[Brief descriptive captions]
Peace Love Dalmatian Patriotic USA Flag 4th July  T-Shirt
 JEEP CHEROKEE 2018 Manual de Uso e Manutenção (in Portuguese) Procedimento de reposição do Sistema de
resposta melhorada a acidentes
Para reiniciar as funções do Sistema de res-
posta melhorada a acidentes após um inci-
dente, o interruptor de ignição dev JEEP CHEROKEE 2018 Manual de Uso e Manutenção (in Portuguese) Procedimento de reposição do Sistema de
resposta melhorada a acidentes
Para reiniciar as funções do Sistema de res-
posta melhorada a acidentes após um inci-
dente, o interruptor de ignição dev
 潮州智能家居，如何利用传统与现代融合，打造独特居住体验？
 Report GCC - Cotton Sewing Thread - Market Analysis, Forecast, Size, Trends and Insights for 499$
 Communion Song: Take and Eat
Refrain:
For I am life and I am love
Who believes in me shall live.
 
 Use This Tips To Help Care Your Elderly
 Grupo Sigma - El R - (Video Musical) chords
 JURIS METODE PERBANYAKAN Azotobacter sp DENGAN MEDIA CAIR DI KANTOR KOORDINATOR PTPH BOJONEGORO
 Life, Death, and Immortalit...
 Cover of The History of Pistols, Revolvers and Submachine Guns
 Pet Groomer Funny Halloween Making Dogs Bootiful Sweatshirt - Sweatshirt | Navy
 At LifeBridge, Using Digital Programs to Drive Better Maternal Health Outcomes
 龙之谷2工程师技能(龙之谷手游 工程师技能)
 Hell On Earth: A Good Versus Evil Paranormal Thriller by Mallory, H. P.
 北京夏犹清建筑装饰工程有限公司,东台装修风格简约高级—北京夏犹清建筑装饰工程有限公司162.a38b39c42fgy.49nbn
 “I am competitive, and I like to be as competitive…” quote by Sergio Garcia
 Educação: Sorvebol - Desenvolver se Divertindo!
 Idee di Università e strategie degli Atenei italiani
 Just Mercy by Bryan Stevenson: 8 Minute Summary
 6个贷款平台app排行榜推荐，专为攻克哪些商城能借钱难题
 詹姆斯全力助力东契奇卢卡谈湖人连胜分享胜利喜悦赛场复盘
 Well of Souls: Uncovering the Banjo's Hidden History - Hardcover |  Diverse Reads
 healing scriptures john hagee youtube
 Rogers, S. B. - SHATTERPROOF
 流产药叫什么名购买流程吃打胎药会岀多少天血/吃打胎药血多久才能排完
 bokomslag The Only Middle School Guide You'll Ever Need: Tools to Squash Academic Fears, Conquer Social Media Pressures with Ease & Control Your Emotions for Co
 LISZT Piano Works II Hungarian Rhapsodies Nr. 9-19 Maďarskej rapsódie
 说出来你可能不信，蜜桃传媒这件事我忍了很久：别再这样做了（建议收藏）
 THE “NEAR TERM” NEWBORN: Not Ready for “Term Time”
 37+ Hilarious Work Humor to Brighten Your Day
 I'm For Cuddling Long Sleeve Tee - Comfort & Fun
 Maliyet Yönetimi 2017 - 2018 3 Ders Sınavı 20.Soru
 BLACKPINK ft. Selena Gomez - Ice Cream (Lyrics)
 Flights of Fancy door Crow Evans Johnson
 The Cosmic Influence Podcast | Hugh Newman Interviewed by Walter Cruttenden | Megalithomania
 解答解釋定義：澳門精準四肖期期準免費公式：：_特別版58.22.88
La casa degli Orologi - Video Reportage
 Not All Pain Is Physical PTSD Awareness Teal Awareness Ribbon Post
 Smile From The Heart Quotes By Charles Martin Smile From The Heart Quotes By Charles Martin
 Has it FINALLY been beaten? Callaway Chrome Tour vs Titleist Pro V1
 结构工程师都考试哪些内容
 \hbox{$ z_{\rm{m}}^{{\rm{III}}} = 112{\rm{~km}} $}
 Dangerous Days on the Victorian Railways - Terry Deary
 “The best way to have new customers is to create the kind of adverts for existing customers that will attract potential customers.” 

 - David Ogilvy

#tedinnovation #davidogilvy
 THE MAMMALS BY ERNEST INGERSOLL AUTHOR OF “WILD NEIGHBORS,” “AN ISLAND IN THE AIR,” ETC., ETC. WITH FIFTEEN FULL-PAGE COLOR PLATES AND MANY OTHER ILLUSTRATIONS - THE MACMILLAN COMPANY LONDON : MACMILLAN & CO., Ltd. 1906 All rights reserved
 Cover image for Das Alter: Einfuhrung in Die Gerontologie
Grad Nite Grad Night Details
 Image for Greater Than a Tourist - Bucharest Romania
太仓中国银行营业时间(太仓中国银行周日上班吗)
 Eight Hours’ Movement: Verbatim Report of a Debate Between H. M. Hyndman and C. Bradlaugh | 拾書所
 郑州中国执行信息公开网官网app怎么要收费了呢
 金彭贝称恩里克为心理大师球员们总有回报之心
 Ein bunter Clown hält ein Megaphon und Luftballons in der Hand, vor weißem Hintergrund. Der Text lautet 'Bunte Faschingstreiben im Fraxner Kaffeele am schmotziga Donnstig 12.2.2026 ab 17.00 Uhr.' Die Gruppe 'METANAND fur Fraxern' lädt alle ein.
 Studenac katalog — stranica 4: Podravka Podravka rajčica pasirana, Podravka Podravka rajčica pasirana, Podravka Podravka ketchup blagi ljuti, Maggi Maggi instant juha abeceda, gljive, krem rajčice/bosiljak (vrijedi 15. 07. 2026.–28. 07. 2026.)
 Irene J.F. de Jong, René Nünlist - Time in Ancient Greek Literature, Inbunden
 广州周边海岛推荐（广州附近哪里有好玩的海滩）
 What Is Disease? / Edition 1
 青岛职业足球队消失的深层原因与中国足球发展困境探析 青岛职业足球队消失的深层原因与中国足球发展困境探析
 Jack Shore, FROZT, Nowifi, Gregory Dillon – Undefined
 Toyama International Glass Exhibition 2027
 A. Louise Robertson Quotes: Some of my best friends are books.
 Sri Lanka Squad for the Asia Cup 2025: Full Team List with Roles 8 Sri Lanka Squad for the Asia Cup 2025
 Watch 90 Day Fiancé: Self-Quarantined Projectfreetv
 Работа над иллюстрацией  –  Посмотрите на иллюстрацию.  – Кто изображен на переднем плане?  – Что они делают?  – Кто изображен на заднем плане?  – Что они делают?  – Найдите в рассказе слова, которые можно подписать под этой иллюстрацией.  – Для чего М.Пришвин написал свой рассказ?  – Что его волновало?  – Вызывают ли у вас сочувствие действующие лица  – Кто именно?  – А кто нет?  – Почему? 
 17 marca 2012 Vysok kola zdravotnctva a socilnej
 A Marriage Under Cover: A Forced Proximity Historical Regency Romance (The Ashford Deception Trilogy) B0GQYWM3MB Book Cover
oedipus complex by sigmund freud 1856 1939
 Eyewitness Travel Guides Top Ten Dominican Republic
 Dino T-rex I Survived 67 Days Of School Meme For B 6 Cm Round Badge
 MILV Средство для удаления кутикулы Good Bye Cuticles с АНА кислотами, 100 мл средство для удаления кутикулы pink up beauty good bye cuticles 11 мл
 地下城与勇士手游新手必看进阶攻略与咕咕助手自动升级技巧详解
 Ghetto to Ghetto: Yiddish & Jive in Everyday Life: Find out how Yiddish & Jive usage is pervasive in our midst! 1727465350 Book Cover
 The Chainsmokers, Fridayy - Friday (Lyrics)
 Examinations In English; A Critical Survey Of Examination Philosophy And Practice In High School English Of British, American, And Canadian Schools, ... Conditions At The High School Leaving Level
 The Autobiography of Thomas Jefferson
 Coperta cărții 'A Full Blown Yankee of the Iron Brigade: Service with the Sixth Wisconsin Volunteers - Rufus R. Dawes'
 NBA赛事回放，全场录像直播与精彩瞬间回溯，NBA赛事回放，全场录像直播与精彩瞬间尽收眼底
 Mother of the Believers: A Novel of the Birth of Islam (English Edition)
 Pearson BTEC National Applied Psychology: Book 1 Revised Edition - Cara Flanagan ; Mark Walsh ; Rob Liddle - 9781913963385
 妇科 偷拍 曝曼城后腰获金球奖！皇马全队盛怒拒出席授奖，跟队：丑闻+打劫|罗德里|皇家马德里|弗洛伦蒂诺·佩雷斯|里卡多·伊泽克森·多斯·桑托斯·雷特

What is required:
Your reply is to repeat, unchanged, the lines above running from the one with "Well of Souls: Uncovering" up to and including the one with "Ein bunter Clown".

Reply:
 Well of Souls: Uncovering the Banjo's Hidden History - Hardcover |  Diverse Reads
 healing scriptures john hagee youtube
 Rogers, S. B. - SHATTERPROOF
 流产药叫什么名购买流程吃打胎药会岀多少天血/吃打胎药血多久才能排完
 bokomslag The Only Middle School Guide You'll Ever Need: Tools to Squash Academic Fears, Conquer Social Media Pressures with Ease & Control Your Emotions for Co
 LISZT Piano Works II Hungarian Rhapsodies Nr. 9-19 Maďarskej rapsódie
 说出来你可能不信，蜜桃传媒这件事我忍了很久：别再这样做了（建议收藏）
 THE “NEAR TERM” NEWBORN: Not Ready for “Term Time”
 37+ Hilarious Work Humor to Brighten Your Day
 I'm For Cuddling Long Sleeve Tee - Comfort & Fun
 Maliyet Yönetimi 2017 - 2018 3 Ders Sınavı 20.Soru
 BLACKPINK ft. Selena Gomez - Ice Cream (Lyrics)
 Flights of Fancy door Crow Evans Johnson
 The Cosmic Influence Podcast | Hugh Newman Interviewed by Walter Cruttenden | Megalithomania
 解答解釋定義：澳門精準四肖期期準免費公式：：_特別版58.22.88
La casa degli Orologi - Video Reportage
 Not All Pain Is Physical PTSD Awareness Teal Awareness Ribbon Post
 Smile From The Heart Quotes By Charles Martin Smile From The Heart Quotes By Charles Martin
 Has it FINALLY been beaten? Callaway Chrome Tour vs Titleist Pro V1
 结构工程师都考试哪些内容
 \hbox{$ z_{\rm{m}}^{{\rm{III}}} = 112{\rm{~km}} $}
 Dangerous Days on the Victorian Railways - Terry Deary
 “The best way to have new customers is to create the kind of adverts for existing customers that will attract potential customers.” 

 - David Ogilvy

#tedinnovation #davidogilvy
 THE MAMMALS BY ERNEST INGERSOLL AUTHOR OF “WILD NEIGHBORS,” “AN ISLAND IN THE AIR,” ETC., ETC. WITH FIFTEEN FULL-PAGE COLOR PLATES AND MANY OTHER ILLUSTRATIONS - THE MACMILLAN COMPANY LONDON : MACMILLAN & CO., Ltd. 1906 All rights reserved
 Cover image for Das Alter: Einfuhrung in Die Gerontologie
Grad Nite Grad Night Details
 Image for Greater Than a Tourist - Bucharest Romania
太仓中国银行营业时间(太仓中国银行周日上班吗)
 Eight Hours’ Movement: Verbatim Report of a Debate Between H. M. Hyndman and C. Bradlaugh | 拾書所
 郑州中国执行信息公开网官网app怎么要收费了呢
 金彭贝称恩里克为心理大师球员们总有回报之心
 Ein bunter Clown hält ein Megaphon und Luftballons in der Hand, vor weißem Hintergrund. Der Text lautet 'Bunte Faschingstreiben im Fraxner Kaffeele am schmotziga Donnstig 12.2.2026 ab 17.00 Uhr.' Die Gruppe 'METANAND fur Fraxern' lädt alle ein.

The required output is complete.